> **WHAT THE TASK ASKS**:
Print the records below word for word, but leave out the pictures.

> **SUPPLIED INFORMATION**:
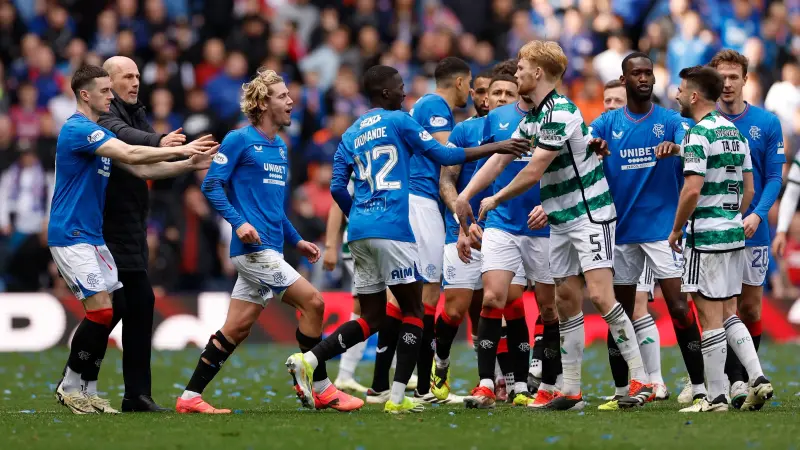 القنوات الناقلة لمباراة سيلتك ضد رينجرز اليوم في الدوري الاسكتلندي مع الموعد والتشكيلة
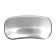 Flask for alcohol and water, 330 ml, "Russia", stainless steel, cover, gift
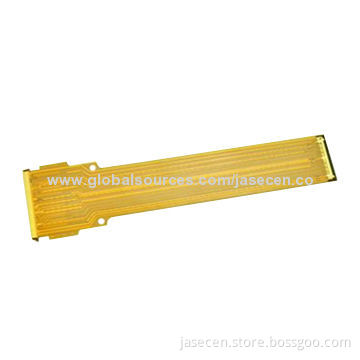 Double-sided projection machine FPC board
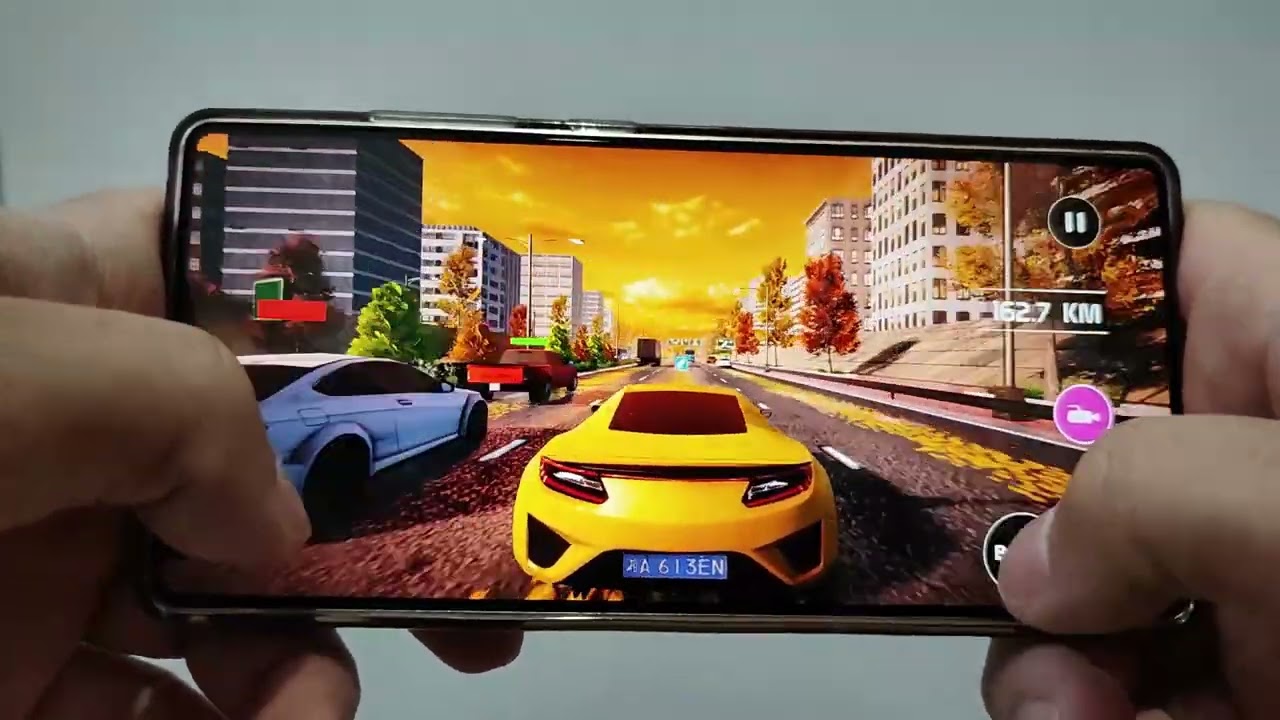 Traffic Racing Game 3 (Complete Edition), video preview 3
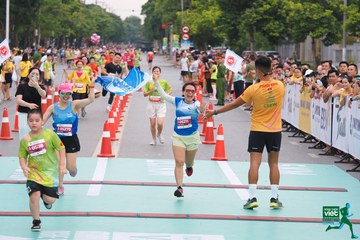 NÔNG THÔN VIỆT MARATHON - NGHỆ AN 2023 - Ảnh #418156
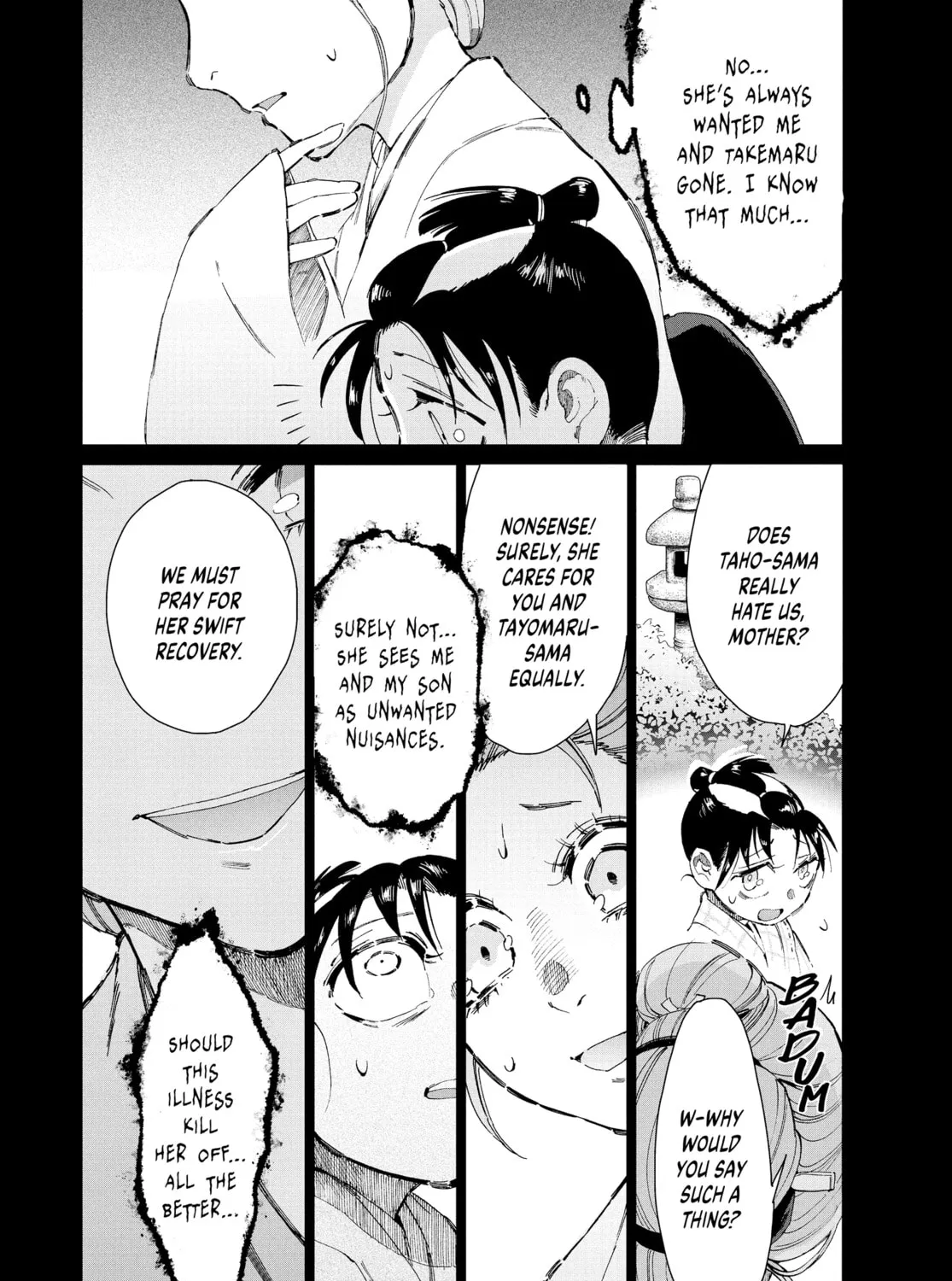 Steel of the Celestial Shadows Chapter 63 page 7 - 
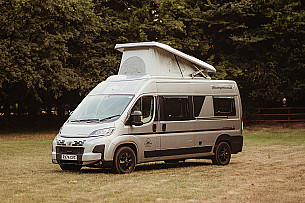 Campervan hire Fleet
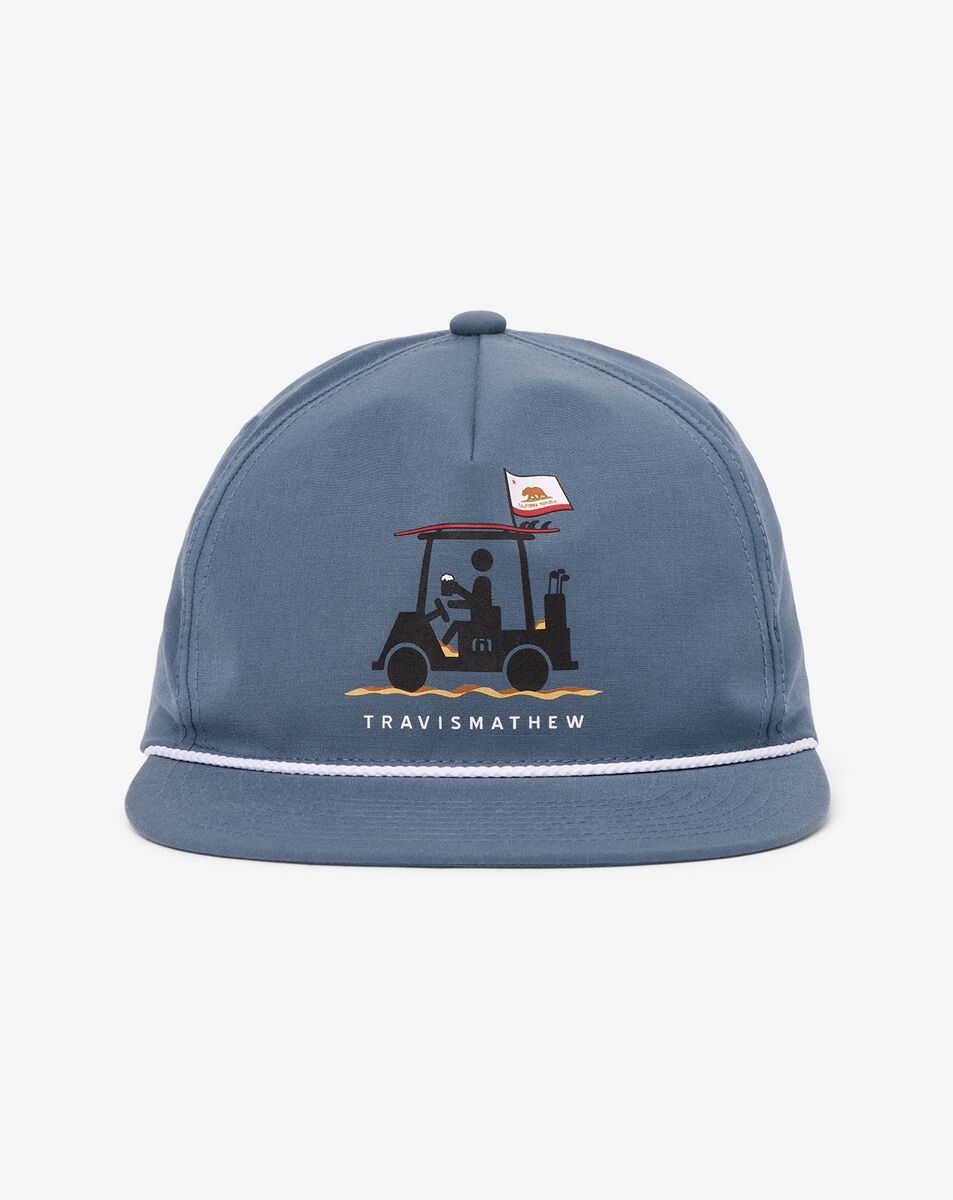 CHILL OR CHUG SNAPBACK HAT 0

> **ANSWER TO THIS PROBLEM**:
 القنوات الناقلة لمباراة سيلتك ضد رينجرز اليوم في الدوري الاسكتلندي مع الموعد والتشكيلة
 Flask for alcohol and water, 330 ml, "Russia", stainless steel, cover, gift
 Double-sided projection machine FPC board
 Traffic Racing Game 3 (Complete Edition), video preview 3
 NÔNG THÔN VIỆT MARATHON - NGHỆ AN 2023 - Ảnh #418156
 Steel of the Celestial Shadows Chapter 63 page 7 - 
 Campervan hire Fleet
 CHILL OR CHUG SNAPBACK HAT 0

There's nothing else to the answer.